I have a data.table in which I want to detect the presence of outliers (according to skewness and kurtosis) and, if found, correct them.
To this purpose, when an outlier is detected and var is the highest value, I want to set the highest value in var to be equal to the second highest. Below is a minimal (almost) working example of my code:
`%>%` <- fastpipe::`%>>%`
country <- rep(c("AA", "BB", "CC", "ZZ"), times = 4)
year <- rep(c("2014", "2015", "2016", "2017"), each = 4)
var <- c(NA, rnorm(8, 2, 4), NA, NA, 1, 25, 19, 2, 3)

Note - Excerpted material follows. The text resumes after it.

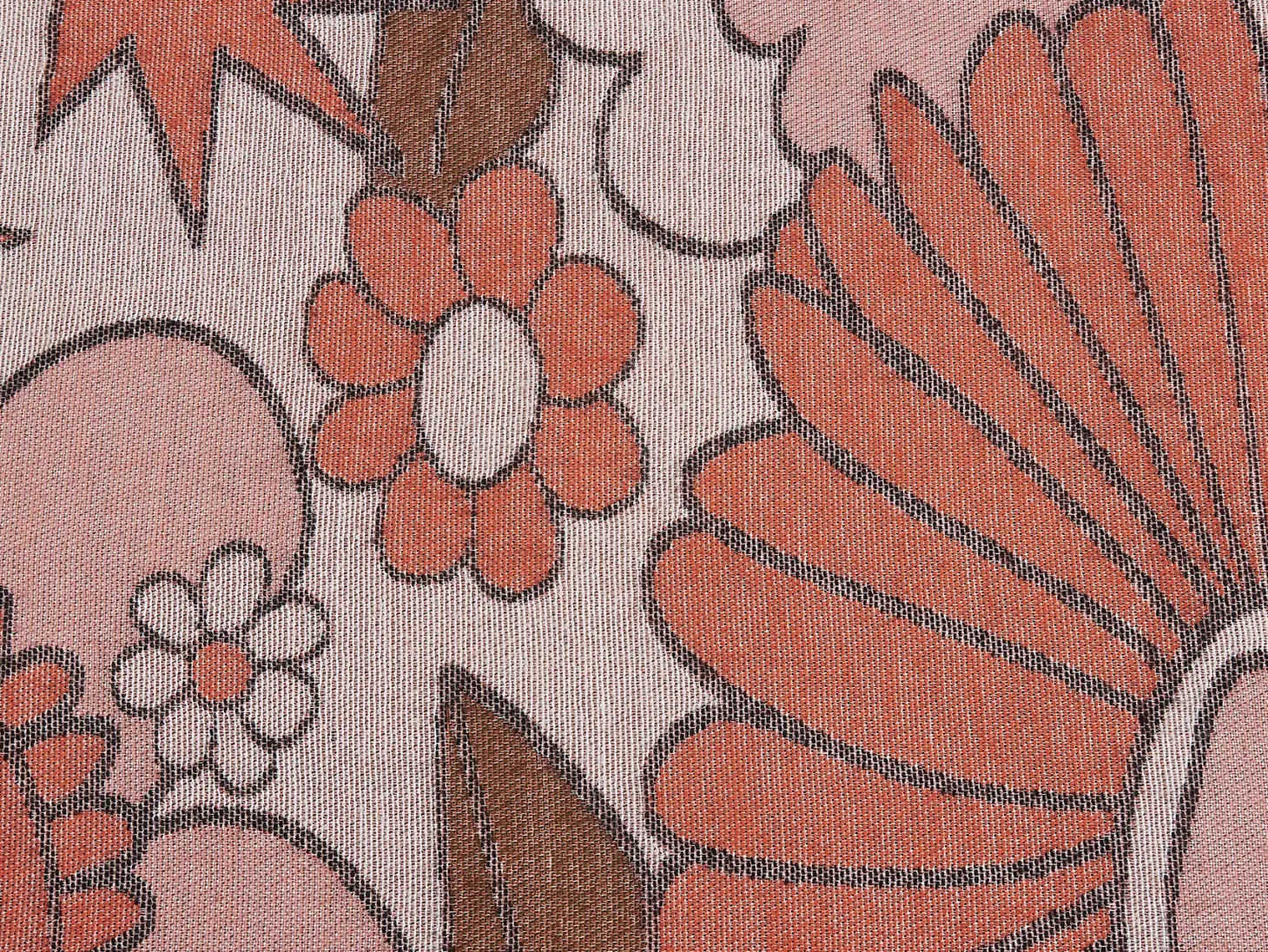 Koc DARAU 130 x 170 cm Kolorowy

melted_data <- data.table(country, year, var)
melted_data %>%
.[, skew := e1071::skewness(var, na.rm = TRUE), by=year] %>%
.[, kurt:= moments::kurtosis(var, na.rm = TRUE), by=year] %>%
.[, outliers := kurt>1 || kurt>3.5 & abs(skew)>2, by=year] %>%
# Ranks
.[, rank_high_first := as.integer(frank(-var, na.last="keep", ties.method="min")), by=year] %>%
.[, rank_low_first := as.integer(frank(var, na.last="keep", ties.method="min")), by=year] %>%
# Identify and correct outliers
.[rank_high_first==1, highest1 := var, by=year] %>%
.[rank_high_first==2, highest2 := var, by=year] %>%
.[rank_low_first==1, lowest1 := var, by=year] %>%
.[rank_low_first==2, lowest2 := var, by=year] %>%
.[outliers==TRUE & skew>0 & var==highest1, var<-highest2, by=year]
What I am trying to achieve is all in the last row. However, this does not work because the values highest1 and highest2 do not span the whole year group (edit: see also screenshot below). I think the solution would be to modify the following lines
.[rank_high_first==1, highest1 := var, by=year] %>%
.[rank_high_first==2, highest2 := var, by=year] %>%
so that highest1 and highest2 are copied to all rows in that year. How can I achieve that? I also tried the following, which did not work:
.[, highest1 := var[rank_high_first==1], by=year]